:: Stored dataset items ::
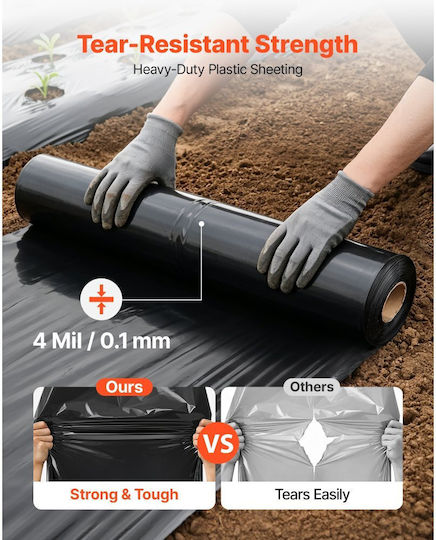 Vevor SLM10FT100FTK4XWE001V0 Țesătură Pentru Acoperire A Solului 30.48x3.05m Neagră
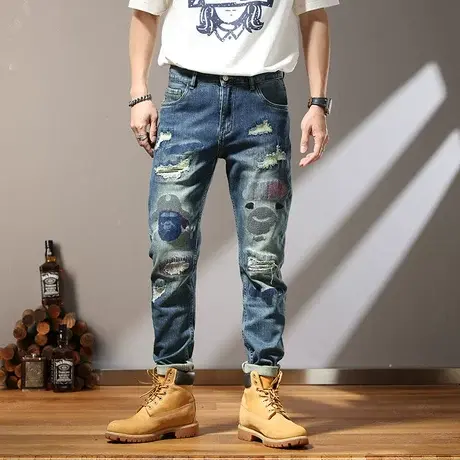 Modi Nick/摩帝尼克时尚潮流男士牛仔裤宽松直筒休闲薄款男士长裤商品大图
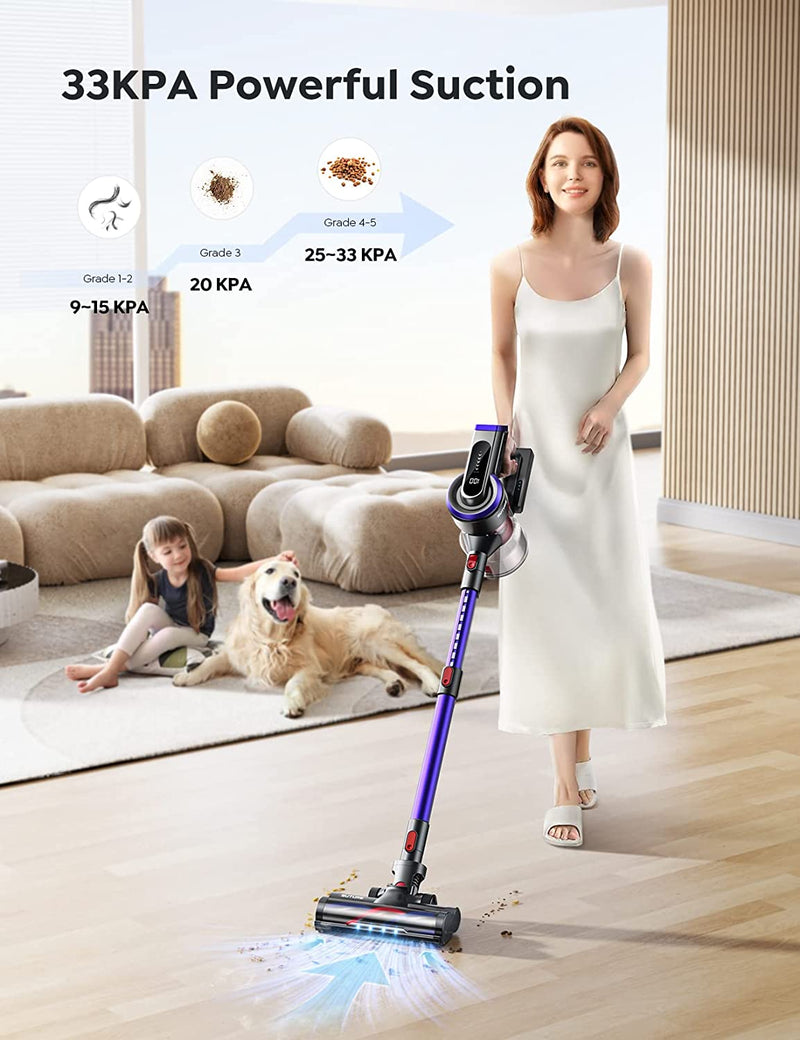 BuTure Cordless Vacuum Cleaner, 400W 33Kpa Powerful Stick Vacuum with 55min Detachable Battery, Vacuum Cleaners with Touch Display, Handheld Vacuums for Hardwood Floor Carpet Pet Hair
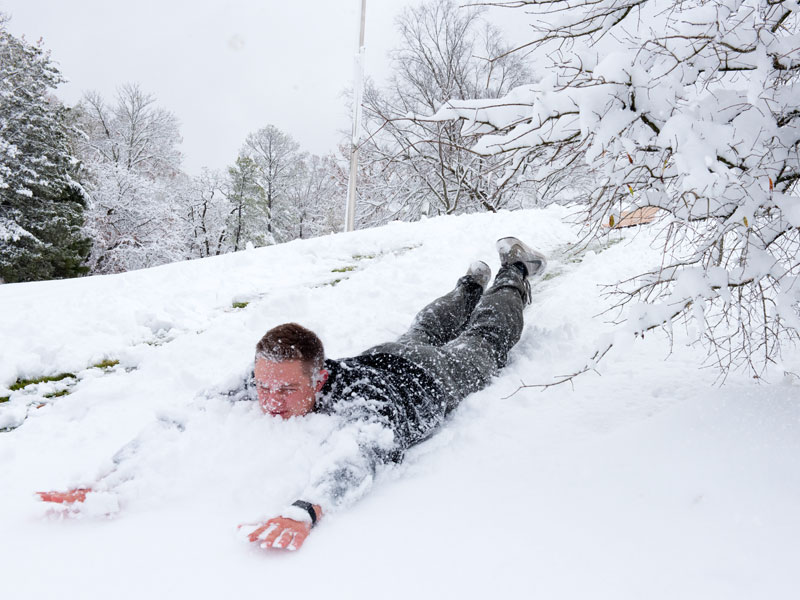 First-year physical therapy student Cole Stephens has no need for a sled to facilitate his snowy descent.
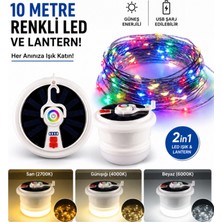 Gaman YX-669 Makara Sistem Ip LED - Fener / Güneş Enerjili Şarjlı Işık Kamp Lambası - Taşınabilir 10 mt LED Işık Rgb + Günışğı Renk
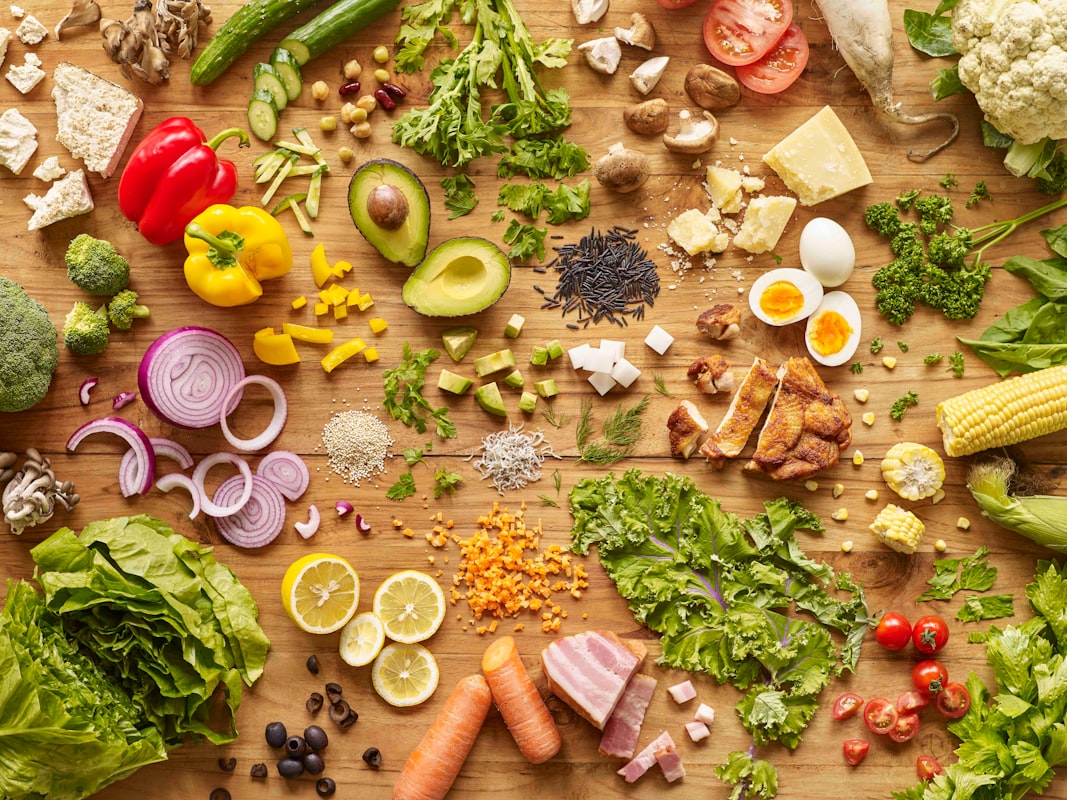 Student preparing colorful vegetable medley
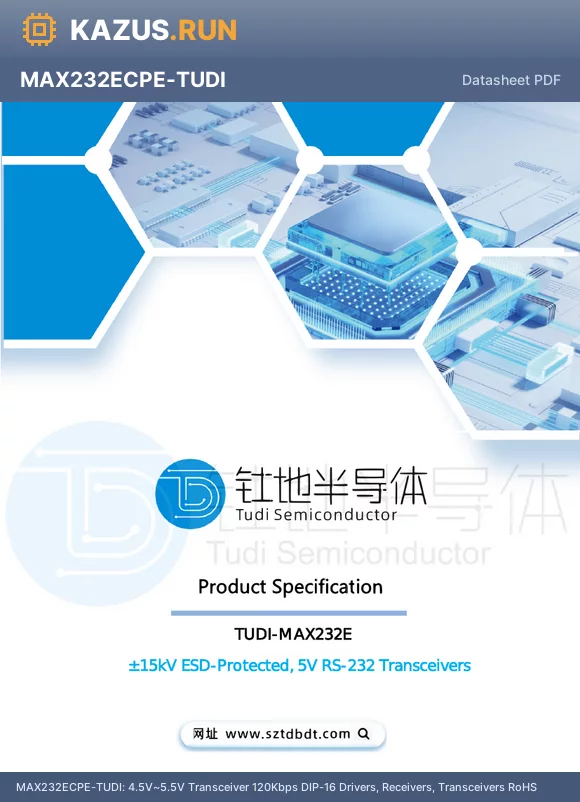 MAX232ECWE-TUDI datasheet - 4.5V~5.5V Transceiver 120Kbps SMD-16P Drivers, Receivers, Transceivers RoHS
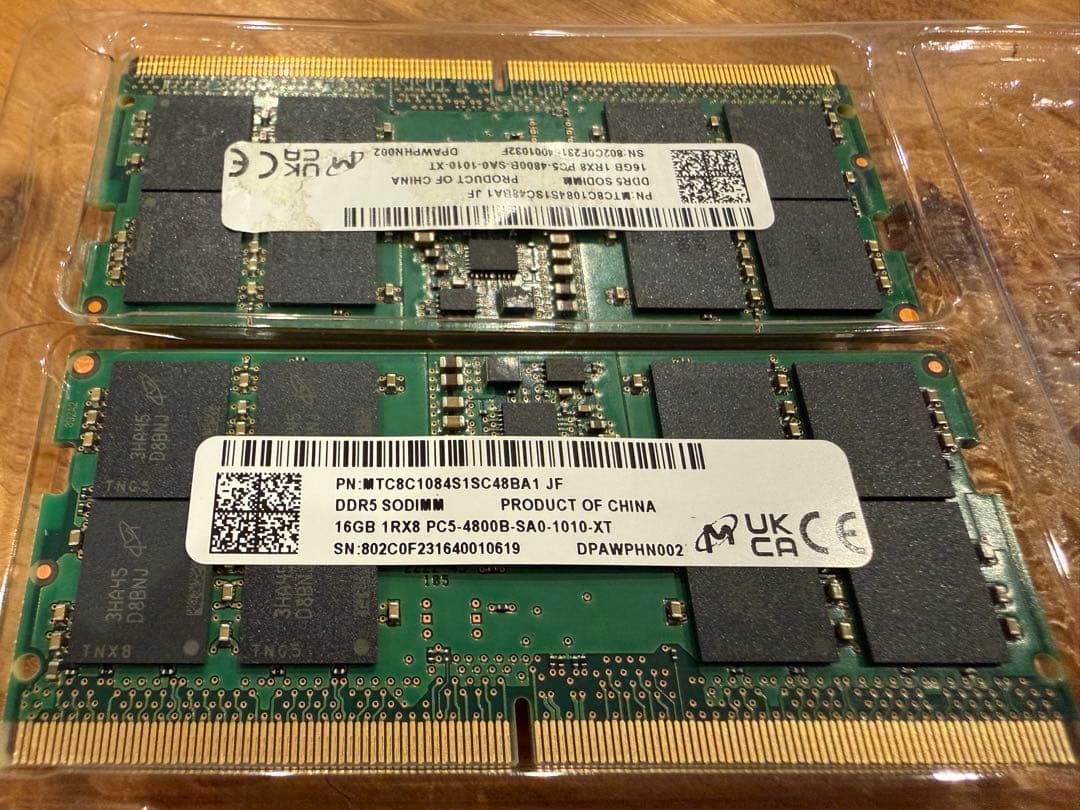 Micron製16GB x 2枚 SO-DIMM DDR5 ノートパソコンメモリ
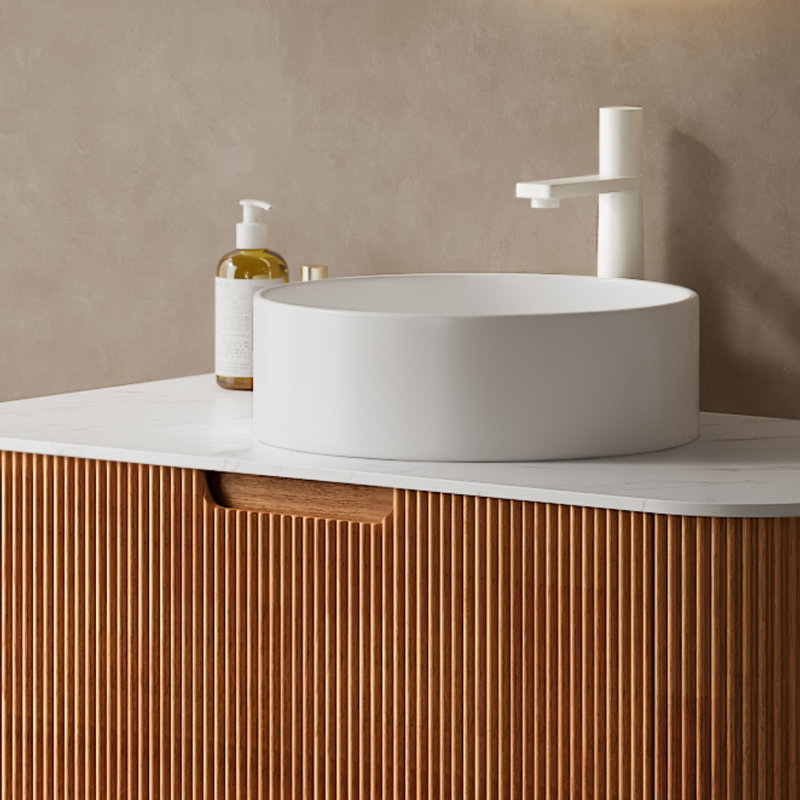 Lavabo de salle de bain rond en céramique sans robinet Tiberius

:: EXERCISE DETAILS ::
Restate the data word for word from its first line through the line with "Modi Nick/摩帝尼克时尚潮流男士牛仔裤宽松直筒休闲薄款男士长裤商品大图", leaving out any picture along the way.

:: OUTPUT FOR THIS EXERCISE ::
 Vevor SLM10FT100FTK4XWE001V0 Țesătură Pentru Acoperire A Solului 30.48x3.05m Neagră
 Modi Nick/摩帝尼克时尚潮流男士牛仔裤宽松直筒休闲薄款男士长裤商品大图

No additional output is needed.